TEMYİZ EDENİN İDDİALARI: Davacı tarafından, davalı idarenin hizmet kusurunun bulunduğu, 2006 yılında ara verilen yayınlara yeniden başlama istemiyle davalı idareye yapılan başvurunun reddedilmesi sebebiyle idarî, mali ve teknik imkânsızlığın bulunduğu, yargı kararının gereğinin yıllardır yerine getirilmediği, şeffaflık ve eşitlik ilkelerine uyulmadığı ileri sürülmektedir.

KARŞI TARAFIN SAVUNMASI: Davalı idare tarafından, hizmet kusurunun bulunmadığı, davacının kesin ve gerçekleşmiş bir zararının söz konusu olmadığı, davacının ticari bir işletme olduğu, dolayısıyla ticari hayattaki rekabet ilkeleri gereği kar veya zarar edebilecekleri göz önüne alındığında herhangi bir yayıncı kuruluşun davacının gelirlerine emsal olmasının beklenemeyeceği, yargı kararının süresi içerisinde uygulandığı belirtilerek istemin reddi gerektiği savunulmuştur.
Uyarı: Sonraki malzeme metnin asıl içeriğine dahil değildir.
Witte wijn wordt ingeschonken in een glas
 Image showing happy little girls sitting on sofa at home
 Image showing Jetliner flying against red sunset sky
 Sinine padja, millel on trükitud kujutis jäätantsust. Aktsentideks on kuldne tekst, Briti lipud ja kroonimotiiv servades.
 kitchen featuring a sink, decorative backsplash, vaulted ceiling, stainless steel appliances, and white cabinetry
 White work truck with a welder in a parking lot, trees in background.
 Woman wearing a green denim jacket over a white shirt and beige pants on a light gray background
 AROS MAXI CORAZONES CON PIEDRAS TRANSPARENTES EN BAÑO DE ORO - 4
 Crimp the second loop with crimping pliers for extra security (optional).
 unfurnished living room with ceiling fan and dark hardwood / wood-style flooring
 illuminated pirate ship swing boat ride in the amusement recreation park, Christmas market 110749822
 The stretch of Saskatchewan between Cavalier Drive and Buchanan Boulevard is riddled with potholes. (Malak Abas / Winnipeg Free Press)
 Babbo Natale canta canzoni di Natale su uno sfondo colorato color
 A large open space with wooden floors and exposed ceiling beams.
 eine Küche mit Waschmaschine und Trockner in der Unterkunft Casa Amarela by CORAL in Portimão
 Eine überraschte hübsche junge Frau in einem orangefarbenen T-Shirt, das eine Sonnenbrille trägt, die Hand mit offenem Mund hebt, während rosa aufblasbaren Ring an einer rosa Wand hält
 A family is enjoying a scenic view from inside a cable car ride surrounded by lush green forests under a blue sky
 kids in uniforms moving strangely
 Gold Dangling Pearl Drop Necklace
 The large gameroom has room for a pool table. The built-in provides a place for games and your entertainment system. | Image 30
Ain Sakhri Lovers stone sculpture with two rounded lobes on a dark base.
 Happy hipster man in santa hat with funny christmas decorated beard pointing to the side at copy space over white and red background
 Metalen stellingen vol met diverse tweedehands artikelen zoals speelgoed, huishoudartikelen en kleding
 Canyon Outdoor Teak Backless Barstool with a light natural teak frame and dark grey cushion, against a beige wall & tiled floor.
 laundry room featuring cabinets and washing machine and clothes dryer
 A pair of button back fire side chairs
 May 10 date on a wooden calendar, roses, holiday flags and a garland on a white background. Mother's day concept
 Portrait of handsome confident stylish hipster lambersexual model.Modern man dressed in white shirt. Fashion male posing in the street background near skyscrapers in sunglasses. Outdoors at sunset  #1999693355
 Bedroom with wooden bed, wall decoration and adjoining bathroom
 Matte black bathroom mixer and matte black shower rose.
DANIŞTAY TETKİK HÂKİMİ …’İN DÜŞÜNCESİ : Temyiz isteminin reddi ile usul ve yasaya uygun olan İdare Mahkemesi kararının onanması gerektiği düşünülmektedir.

TÜRK MİLLETİ ADINA

Karar veren Danıştay Onüçüncü Dairesi’nce, Tetkik Hâkiminin açıklamaları dinlendikten ve dosyadaki belgeler incelendikten sonra, 2577 sayılı İdari Yargılama Usulü Kanunu’nun 17. maddesinin ikinci fıkrası uyarınca davacının duruşma istemi yerinde görülmeyerek işin gereği görüşüldü:

HUKUKİ DEĞERLENDİRME :
İdare ve vergi mahkemelerinin nihai kararlarının temyizen bozulması, 2577 sayılı İdari Yargılama Usulü Kanunu’nun 49. maddesinde yer alan sebeplerden birinin varlığı hâlinde mümkündür.
Temyizen incelenen karar usul ve hukuka uygun olup, dilekçede ileri sürülen temyiz nedenleri kararın bozulmasını gerektirecek nitelikte görülmemiştir.

KARAR SONUCU :
Açıklanan nedenlerle;
1. Davacının temyiz isteminin reddine,
2. Davanın yukarıda özetlenen gerekçeyle reddi yolundaki … İdare Mahkemesi’nin … tarih ve E: …, K: … sayılı temyize konu kararında, 2577 sayılı İdari Yargılama Usulü Kanunu’nun 49. maddesinde sayılan bozma nedenlerinden hiçbirisi bulunmadığından anılan Mahkeme kararının ONANMASINA,
3. Temyiz giderlerinin istemde bulunan üzerinde bırakılmasına,
4. Dosyanın anılan Mahkeme’ye gönderilmesine,
5. Bu kararın tebliğ tarihini izleyen 15 (on beş) gün içerisinde kararın düzeltilmesi yolu açık olmak üzere, 04/06/2020 tarihinde oybirliğiyle karar verildi.